**Provided material:**
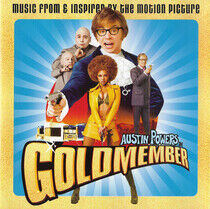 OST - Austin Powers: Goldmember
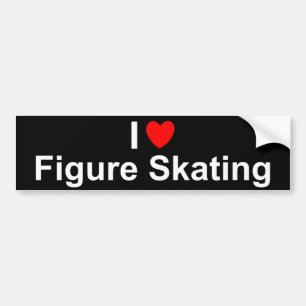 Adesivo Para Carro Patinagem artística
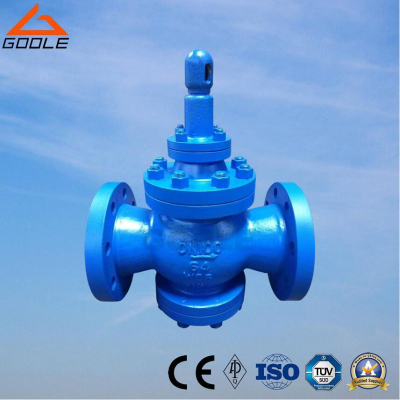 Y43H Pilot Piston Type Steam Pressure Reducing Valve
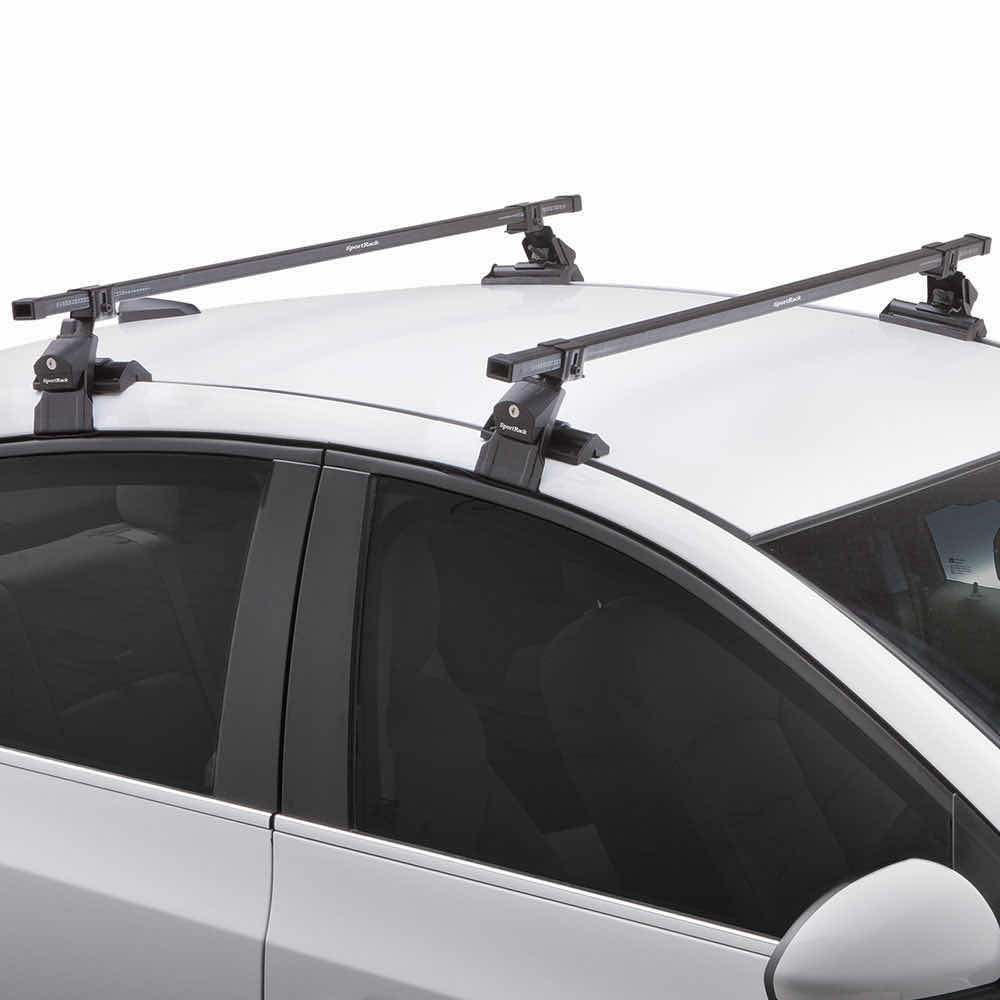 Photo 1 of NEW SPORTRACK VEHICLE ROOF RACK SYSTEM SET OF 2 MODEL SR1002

**Brief:** The data must come back word for word, with every picture removed.

**Solution below:**
 OST - Austin Powers: Goldmember
 Adesivo Para Carro Patinagem artística
 Y43H Pilot Piston Type Steam Pressure Reducing Valve
 Photo 1 of NEW SPORTRACK VEHICLE ROOF RACK SYSTEM SET OF 2 MODEL SR1002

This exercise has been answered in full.